A FULL LIST OF NEW DATA IN THE LATEST RELEASE

9.5 MILLION EMBRYO IMAGES NOW AVAILABLE

A new set of DMDD embryo and placenta data has been released today, taking our total dataset to 9.5 million images of around 1300 embryos. Phenotypes are available for embryos from 73 different knockout lines, and we have phenotyped the placentas from 124 lines. We have also added data on the sex of each embryo.

Visitors to our website can now compare HREM embryo images with the closest-matching, annotated histological section from the Kaufman Atlas of Mouse Development. This follows a major project by the eMouseAtlas team at the University of Edinburgh to digitise the Kaufman Atlas at high resolution. The annotated Kaufman sections can be viewed alongside DMDD embryo images to help users who are unfamiliar with the detailed morphological features of a mouse embryo as it develops.

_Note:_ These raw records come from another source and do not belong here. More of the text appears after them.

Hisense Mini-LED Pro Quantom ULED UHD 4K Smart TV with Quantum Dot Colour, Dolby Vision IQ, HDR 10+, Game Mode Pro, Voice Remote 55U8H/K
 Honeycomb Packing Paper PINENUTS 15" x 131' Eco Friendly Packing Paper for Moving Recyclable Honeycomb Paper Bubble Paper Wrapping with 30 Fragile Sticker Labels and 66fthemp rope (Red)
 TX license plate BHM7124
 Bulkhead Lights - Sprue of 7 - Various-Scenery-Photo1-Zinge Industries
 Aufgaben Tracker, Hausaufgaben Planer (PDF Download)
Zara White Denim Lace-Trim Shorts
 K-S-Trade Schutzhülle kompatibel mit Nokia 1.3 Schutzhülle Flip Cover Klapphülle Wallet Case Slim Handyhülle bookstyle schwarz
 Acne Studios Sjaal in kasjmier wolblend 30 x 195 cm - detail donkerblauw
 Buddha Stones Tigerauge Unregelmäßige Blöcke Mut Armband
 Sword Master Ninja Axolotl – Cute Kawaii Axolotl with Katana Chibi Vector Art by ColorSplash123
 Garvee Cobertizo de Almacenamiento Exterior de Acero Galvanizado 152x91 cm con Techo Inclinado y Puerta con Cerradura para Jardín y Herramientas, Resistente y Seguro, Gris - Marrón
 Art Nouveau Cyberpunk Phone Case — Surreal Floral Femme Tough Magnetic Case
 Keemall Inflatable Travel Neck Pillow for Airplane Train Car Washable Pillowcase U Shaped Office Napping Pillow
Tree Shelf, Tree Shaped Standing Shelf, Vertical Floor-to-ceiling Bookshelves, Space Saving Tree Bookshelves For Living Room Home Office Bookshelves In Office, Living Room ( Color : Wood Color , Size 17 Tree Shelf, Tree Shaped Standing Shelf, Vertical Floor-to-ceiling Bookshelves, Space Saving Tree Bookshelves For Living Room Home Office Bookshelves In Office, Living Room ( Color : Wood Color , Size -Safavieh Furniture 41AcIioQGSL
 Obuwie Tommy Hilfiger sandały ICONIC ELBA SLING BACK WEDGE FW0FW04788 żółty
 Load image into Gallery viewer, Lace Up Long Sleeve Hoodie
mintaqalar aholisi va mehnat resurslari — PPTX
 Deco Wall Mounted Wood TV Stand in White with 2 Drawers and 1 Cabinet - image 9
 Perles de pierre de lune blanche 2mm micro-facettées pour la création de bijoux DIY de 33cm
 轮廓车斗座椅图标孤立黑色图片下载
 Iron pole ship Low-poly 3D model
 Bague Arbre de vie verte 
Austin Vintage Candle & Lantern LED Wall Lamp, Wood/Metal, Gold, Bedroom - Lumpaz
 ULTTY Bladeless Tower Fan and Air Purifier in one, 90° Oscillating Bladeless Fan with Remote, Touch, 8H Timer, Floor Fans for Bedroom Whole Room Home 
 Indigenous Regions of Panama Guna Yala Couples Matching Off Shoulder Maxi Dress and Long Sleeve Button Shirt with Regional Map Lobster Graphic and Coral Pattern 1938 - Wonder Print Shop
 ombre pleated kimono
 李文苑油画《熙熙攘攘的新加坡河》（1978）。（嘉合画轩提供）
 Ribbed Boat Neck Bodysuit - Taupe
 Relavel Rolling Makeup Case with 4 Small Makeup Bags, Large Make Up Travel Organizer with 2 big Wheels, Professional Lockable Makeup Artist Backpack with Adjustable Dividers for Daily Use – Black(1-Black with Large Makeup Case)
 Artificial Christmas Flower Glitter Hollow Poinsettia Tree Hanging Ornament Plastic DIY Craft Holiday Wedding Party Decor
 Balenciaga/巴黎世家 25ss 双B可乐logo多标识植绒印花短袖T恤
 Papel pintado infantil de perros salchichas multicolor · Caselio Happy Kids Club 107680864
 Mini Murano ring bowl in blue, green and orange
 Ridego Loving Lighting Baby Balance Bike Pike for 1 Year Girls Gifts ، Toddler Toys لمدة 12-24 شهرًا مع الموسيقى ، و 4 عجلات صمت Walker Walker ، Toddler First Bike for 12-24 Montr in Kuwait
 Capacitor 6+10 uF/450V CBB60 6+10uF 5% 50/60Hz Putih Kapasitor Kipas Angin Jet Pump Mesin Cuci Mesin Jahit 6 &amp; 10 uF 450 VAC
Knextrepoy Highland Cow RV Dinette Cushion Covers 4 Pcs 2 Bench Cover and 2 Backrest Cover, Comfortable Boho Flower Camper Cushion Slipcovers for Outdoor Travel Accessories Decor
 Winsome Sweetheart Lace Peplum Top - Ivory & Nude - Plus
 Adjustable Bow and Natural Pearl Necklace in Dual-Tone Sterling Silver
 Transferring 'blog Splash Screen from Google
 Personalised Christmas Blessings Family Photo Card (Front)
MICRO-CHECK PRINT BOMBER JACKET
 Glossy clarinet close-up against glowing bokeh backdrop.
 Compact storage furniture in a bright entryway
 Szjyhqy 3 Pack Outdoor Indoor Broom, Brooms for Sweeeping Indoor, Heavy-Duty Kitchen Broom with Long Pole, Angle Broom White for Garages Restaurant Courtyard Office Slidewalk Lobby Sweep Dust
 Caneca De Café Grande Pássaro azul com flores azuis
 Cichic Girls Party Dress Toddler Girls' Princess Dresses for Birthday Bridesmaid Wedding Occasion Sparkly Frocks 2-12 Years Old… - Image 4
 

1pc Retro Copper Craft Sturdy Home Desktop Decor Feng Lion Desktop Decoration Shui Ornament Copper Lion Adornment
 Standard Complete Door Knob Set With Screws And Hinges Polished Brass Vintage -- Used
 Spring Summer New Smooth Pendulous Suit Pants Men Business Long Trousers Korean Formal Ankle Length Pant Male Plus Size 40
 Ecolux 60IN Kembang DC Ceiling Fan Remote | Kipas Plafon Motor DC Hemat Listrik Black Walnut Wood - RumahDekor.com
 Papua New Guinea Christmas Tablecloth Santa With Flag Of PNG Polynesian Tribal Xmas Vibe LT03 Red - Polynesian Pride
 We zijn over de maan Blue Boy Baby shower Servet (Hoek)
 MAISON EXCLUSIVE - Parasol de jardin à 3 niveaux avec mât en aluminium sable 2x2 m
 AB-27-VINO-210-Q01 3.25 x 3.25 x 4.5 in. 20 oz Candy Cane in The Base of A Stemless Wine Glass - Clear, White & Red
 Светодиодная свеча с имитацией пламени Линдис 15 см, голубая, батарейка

All DMDD data can be freely accessed at dmdd.org.uk, or you can continue reading for highlights from the latest lines to be made publicly available.


SEVERE BRAIN PHENOTYPES

Phenotyping of Hmgxb3 knockout embryos revealed severe brain defects, with half of the embryos displaying exencephaly. Embryos from this line also had a range of phenotypes including edema, abnormalities of the optic cup, and defects of the venous system including an abnormal ductus venosus valve and blood in the lymph vessels.

 

Click to view larger image.
An Hmgxb3 homozygous knockout embryo displays exencephaly.

 


 

POTENTIAL MODELS OF HUMAN DISEASE

A number of genes studied by DMDD have already been associated with human diseases. For example, Prmt7 mutations have been associated with Short Stature Brachydactyly Obesity Global Developmental Delay Syndrome, an autosomal recessive disease characterised by developmental delay, learning disabilities, mild mental retardation, delayed speech, and skeletal abnormalities. Strikingly, in the Prmt7 knockout embryos studied, the most common phenotypes included neuroma of the motoric part of the trigeminal nerve (a tumour within the skull, affecting the nerve controlling the jaw movements needed for speaking and chewing) and abnormalities of the hypoglossal nerve (which controls movement of the tongue) and the ribs.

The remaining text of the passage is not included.